I can see people being depressed, but these same people are depressed that Japanese animation isn't real. The world was cool, but not any better than being in the wild in the real world. I think most of those people just need to go camping so they realize that being in nature is hard, even the one on an alien planet.
I've seen it. I dont' agree with the people that say they get depressed. I just though it was interestesting that it was enough of a phenomonon that it beacame a syndrome.
Avatar....saw it. What can I say? Cowboys and Indians stuff. The wicked mean industrial earthlings(played by American soldiers of course)go and rape the natives of another planet for their raw material. If you are a conservative, you should NOT like this movie. They say James Camron made it. That's a lie. It was either Russel Means or Osama bin Laden. It didn't depress me at all, but I did yawn a few times.
I don't really agree that the movie is anti-conservative. You could say the natives are libertarian just as much as you could say they were progressive. I saw the corporation as people with power trying to push around the little guy. That could be interpreted any number of ways: Big Business pushing around the common people, White's pushing around Native Americans. Big Government pushing around the common people, etc.

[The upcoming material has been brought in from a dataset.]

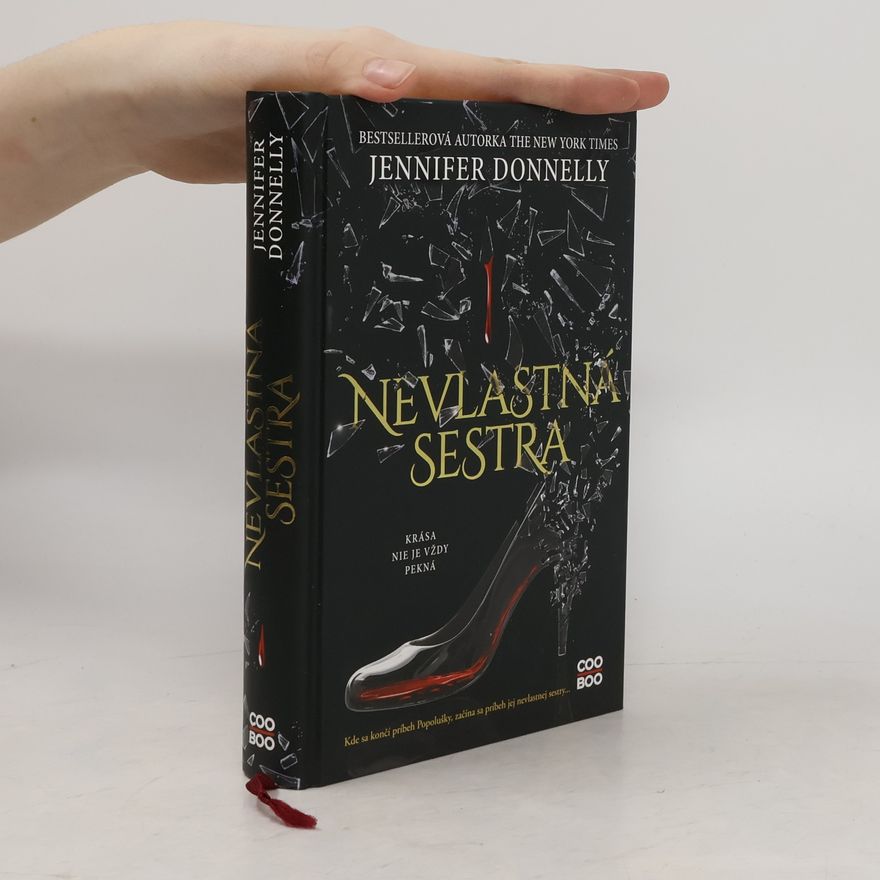 Jennifer Donnelly Nevlastná sestra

The only political comment I heard in the movie was that people on earth destroyed everything green. So you could call the movie pro-green.

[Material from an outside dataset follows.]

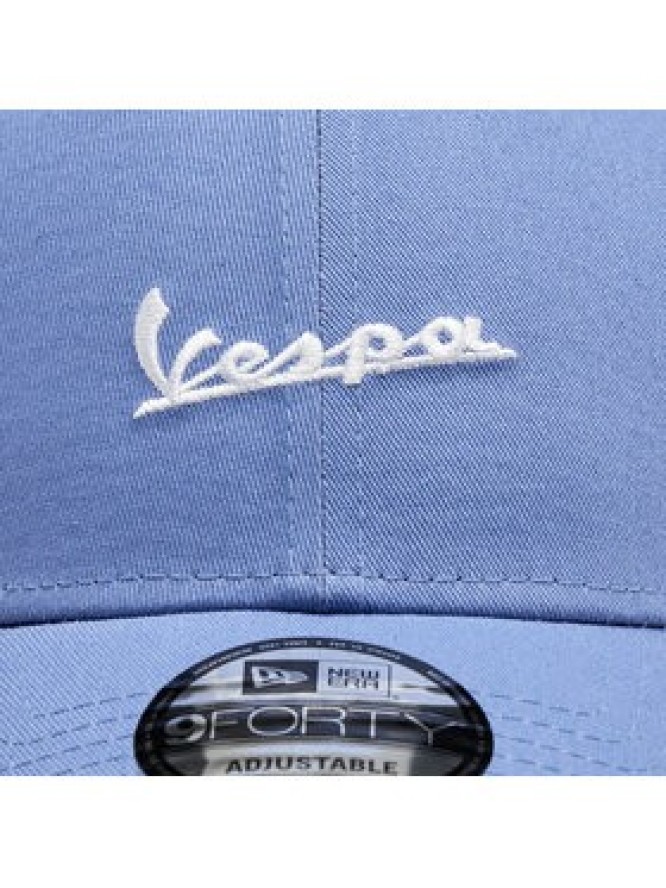 New Era Czapka z daszkiem Seas Colour 940 Vespa 60435597 Niebieski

Mike, everyone is entitled to an opinion, but to be honest, I'm not sure how one can avoid NOT seeing the political message in this film. This wasn't as much about "big government pushing around the common people" as it was about an invading foreign Army attempting to extinguish an indigenous people. It's no accident that Pandora's humanoids resemble the native American in their connection with nature and their fight against the soldier sent by the "Great White Father". I mean, this is "Dances With Wolves" Star Wars style! As a former soldier myself and a veteran of the Gulf War, I get sort of fed up with the portrayal of the American fighting man as some sort of evil figure. And if the soldiers in Avatar were something other than American, you could have fooled me. Hollywood has an agenda, it doesn't take a degree in rocket science to figure that out. You did bring up a great point though, Mike; the GREEN agenda is also well embedded in this flick.